I also find two adjustable variables of interest in last week’s e-greedy algorithm. Specifically, the random variable of epsilon, which can range from 0 to 1 exclusive, the number of round robin iterations for initial exploration, and the behavior to take in the non-epsilon case. This behavior can be easily tested with both random and round robin in the 1-epsilon cases. Next week I hope to create two additional load balancers that use these algorithms with our new metric of Network I/O (regarding which I will also assist Nakul in the data retrieval portion).
This week, I primarily finished outlining our testing suite so that Nakul can take over making JMeter testing scripts to pass into BlazeMeter. After taking care of the user side of testing, I also started to introduce variables to the VMs we are using for our video servers in order to create different use cases to compare our algorithms on. The VMs can be varied in two different ways: the region they are located in and their specifications such as storage, number of CPUs, and networking bandwidth. As such, I created 4 classes of video servers on AWS and deployed our video server code to them: same region + same specs, same region + different specs, different region + same specs, and different region + different specs. Each algorithm would be tested on all 4 server classes in order to draw meaningful conclusions on how the algorithms perform in different use cases. For example, we predict that our algorithms will perform similarly to RoundRobin when the region and specs of the VMs are similar, but our algorithms will pull ahead when the servers are more varied. In addition to this, I also deployed the code to our custom load balancers to AWS as well.
Next week, I plan on continuing to deploy code on AWS instances as our algorithms evolve. I will also work with Nakul to conduct tests on our algorithms and analyze the data that we gather.
This week, we worked as a group to consolidate and finalize our testing implementation which currently consists of 3 user classes that run 20 parallel users for a total of 60 for a 1 hour testing plan. We also expanded our server architecture implementation plan to include 4 different virtual machine setups. Each of these has either uniform or varied VM hardware specifications as well as uniform or varied geographic locations. All of this will create additional contexts for testing the relative performance of our load balancers in different environments and use cases.
We also have finalized our load balancer algorithm specifications, including what variables in our custom algorithms can be optimized with recurrent testing.

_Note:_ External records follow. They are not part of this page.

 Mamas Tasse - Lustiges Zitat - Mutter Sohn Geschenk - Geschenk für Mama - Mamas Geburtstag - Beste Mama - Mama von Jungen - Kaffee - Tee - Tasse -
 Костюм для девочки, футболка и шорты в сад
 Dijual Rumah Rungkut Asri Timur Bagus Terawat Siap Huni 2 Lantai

Over this next week, we hope to apply our testing suite to the algorithms for both tuning our custom decision-makers as well as doing final comparisons and data presentation. We will compile this final information into our last project deliverables (poster, video, and final report).
This week I was in charge of creating the user test scripts which simulate the behavior of 3 different user types. The first user rapidly switches between all 3 videos on our streaming server, the second watches through the entire length of the video and then switches to the next one, the third watches 20 to 30 seconds of the video and then switches to the next one.

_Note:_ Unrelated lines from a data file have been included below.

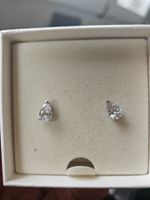 Swarovski Ohrringe Tropfen. Neu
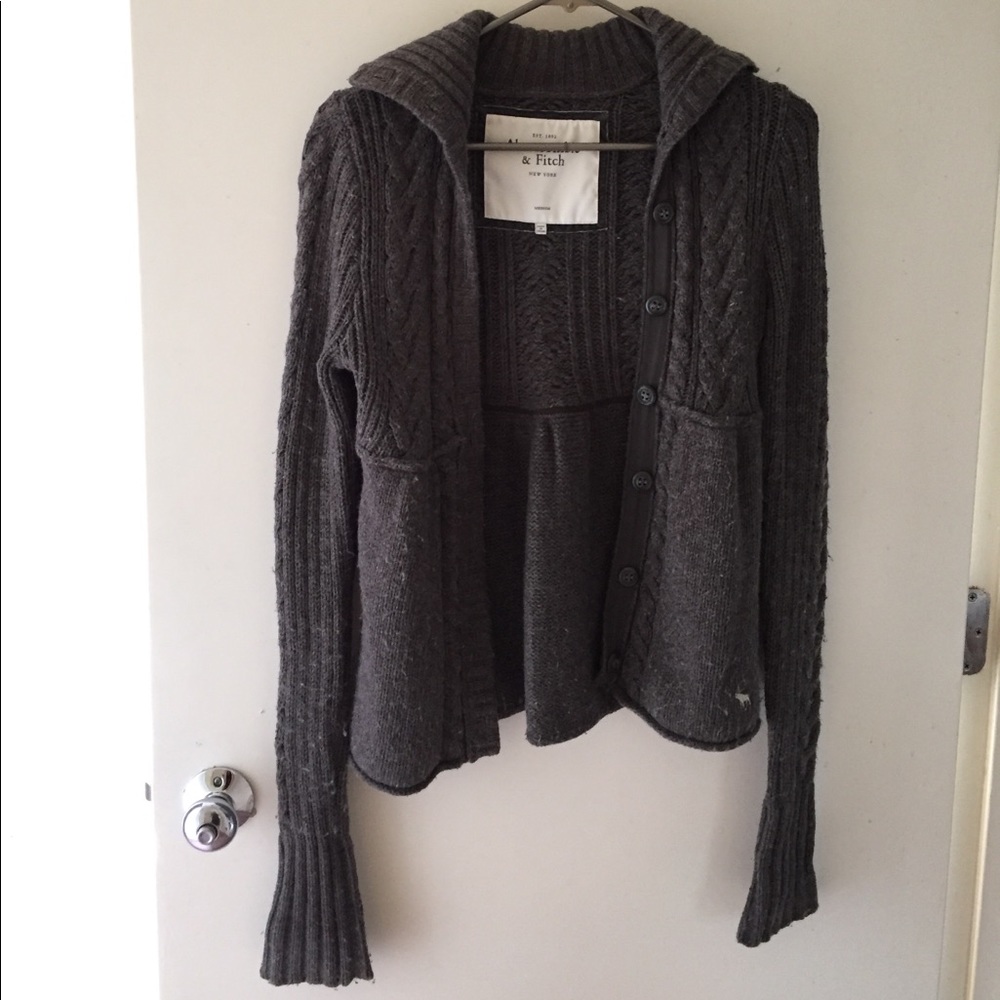 Abercrombie knit sweater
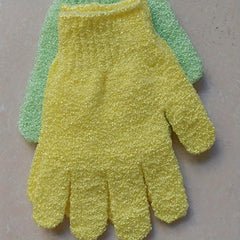 8pcs Exfoliating Shower Gloves Double Sided for Spa Massage Body Scrub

The test scripts were created using Apache Jmeter which is a software package for recording HTTP requests to simulate load. Using their HTTP test script recorder, I was able to record my interactions with the browser to create the test script. The script recorder creates a proxy server to intercept requests being sent in and out of web browser running our video server. This allows me to simulate the 3 different user classes being tested.
I was able to create duplicate threads within the same jmx file. Jmeter allows multiple thread groups to run simultaneously. So I created a new file for randomLB which contains 3 thread groups for each user class and we can now run the tests on the same server at the same time. Duplicated the randomLB file for round robin LB and changed the target domain of all samplers to the roundrobin proxy.
This jmeter file was then run on blazemeter, a software package that allows us to run multiple concurrent users running the script.
This week I intend to complete collection of Network IO metrics retrieved from cloudwatch. I have set up the cw dashboard to collect network packets out data from video server – 1 to 5. I will need to figure out a way to collect this data asychronously in our LB proxy using the cw getDashboard or getMetricsData.
This week, I primarily worked on creating a user testing suite that is suitable for sending realistic requests to our load balancer. Our previous approach of writing python scripts that send specific requests to our servers does not quite match the use case of our video application. We rely on the HTML5 video player element to load the video and request the next chunks accordingly, and simply making video chunk requests at set intervals does not simulate this behavior, especially since different videos will request different numbers of chunks in a certain interval. Therefore, another approach is required to generate load to our servers.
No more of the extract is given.